Supervised Single-Channel Speech Separation via Sparse Decomposition Using Periodic Signal Models

Makoto NAKASHIZUKA  Hiroyuki OKUMURA  Youji IIGUNI  

Publication
IEICE TRANSACTIONS on Fundamentals of Electronics, Communications and Computer Sciences   Vol.E95-A   No.5   pp.853-866
Publication Date: 2012/05/01
Online ISSN: 1745-1337
DOI: 10.1587/transfun.E95.A.853
Print ISSN: 0916-8508
Type of Manuscript: PAPER
Category: Engineering Acoustics
Keyword: 
signal representation,  signal decomposition,  sparse representation,  harmonic analysis,  signal separation,  

Full Text: PDF(895.8KB)>>
Buy this Article




Summary: 
In this paper, we propose a method for supervised single-channel speech separation through sparse decomposition using periodic signal models.

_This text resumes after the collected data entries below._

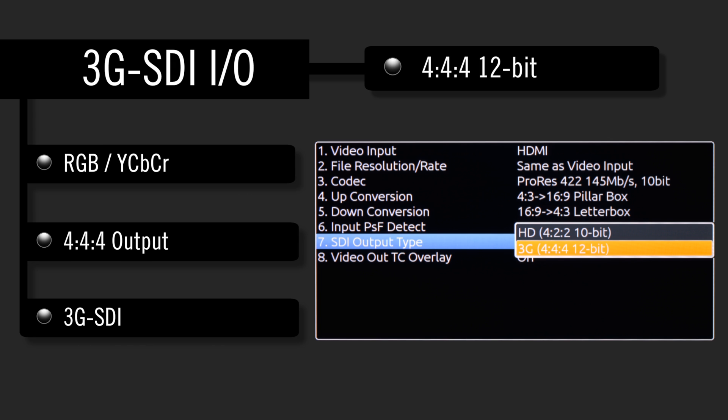The PIX240 and 240i now support 12-bit, 3G SDI, RGB, or YCbCr input and output.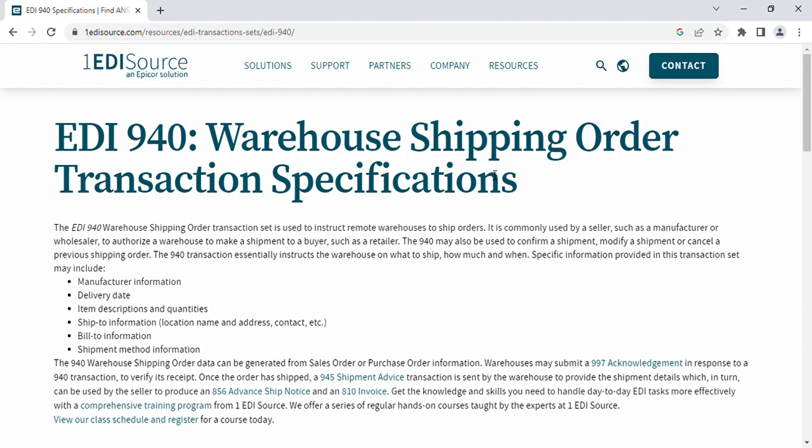The 940 means warehouse shipment order. This is the order used to instruct a warehouse to ship orders. It is commonly used by the seller, such as a manufacturer or wholesaler, to authorize a warehouse to make a shipment to a buyer such as a retailer. The 940 may also be used to confirm, modify, or cancel a previous shipping order.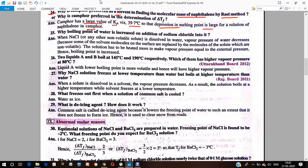Why is the boiling point of water increased on addition of sodium chloride? When sodium chloride is dissolved in water, the vapor pressure of water decreases — fewer vapors are formed. We need to heat the solution more to bring the vapor pressure equal to external pressure. When vapor pressure equals external pressure, it means the boiling point has increased.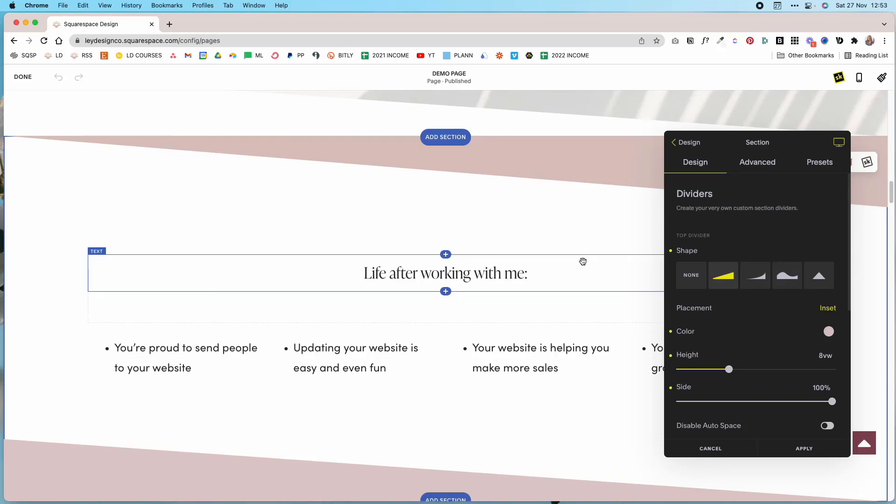So definitely give SquareKicker a try and explore everything that it has to offer. And if you're still in the process of building your website be sure to check out the description box below. I have a free interactive Squarespace roadmap that walks you through the process of setting up your website. And if you want more Squarespace tips be sure to watch the next video. That's it for today and I'll see you next time, bye.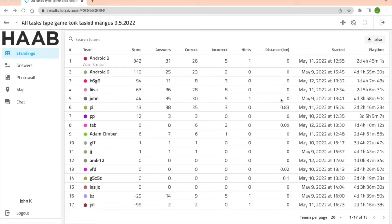Also you can see the distance they covered during the game, the date they started the game, and their total play time.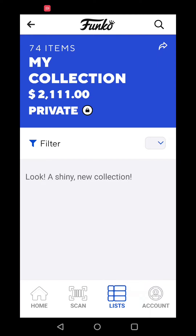Did you or your phone update the Funko app to version 5.0? If so, you might see a screen that looks like this and your collections aren't there. Here's how to get it back.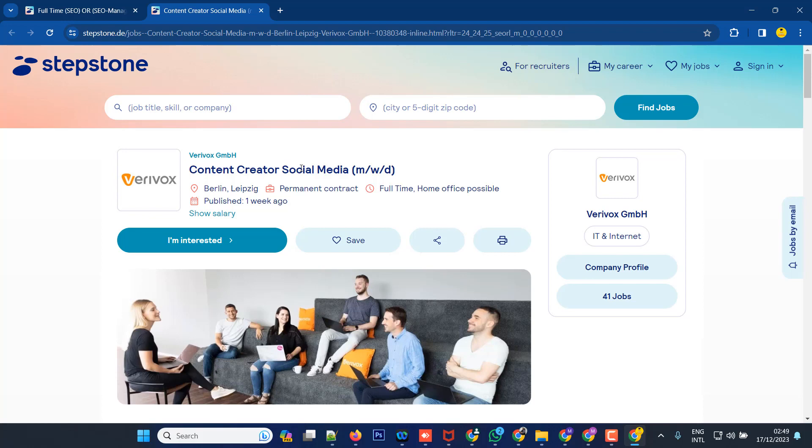Both options are available - companies can hire people or post jobs. You can search for jobs and find companies that you want to apply to. This is Stepstone, and in the next tutorial I will show you another job site and how to apply there. Don't forget to follow. Bye.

The proposed separation method employs sparse decomposition, which decomposes a signal into a set of periodic signals under a sparsity penalty. In order to achieve separation through sparse decomposition, the decomposed periodic signals have to be assigned to the corresponding sources. For the assignment of the periodic signal, we introduce clustering using a K-means algorithm to group the decomposed periodic signals into as many clusters as the number of speakers. After the clustering, each cluster is assigned to its corresponding speaker using preliminarily learnt codebooks. Through separation experiments, we compare our method with MaxVQ, which performs separation on the frequency spectrum domain. The experimental results in terms of signal-to-distortion ratio show that the proposed sparse decomposition method is comparable to the frequency domain approach and has less computational costs for assignment of speech components.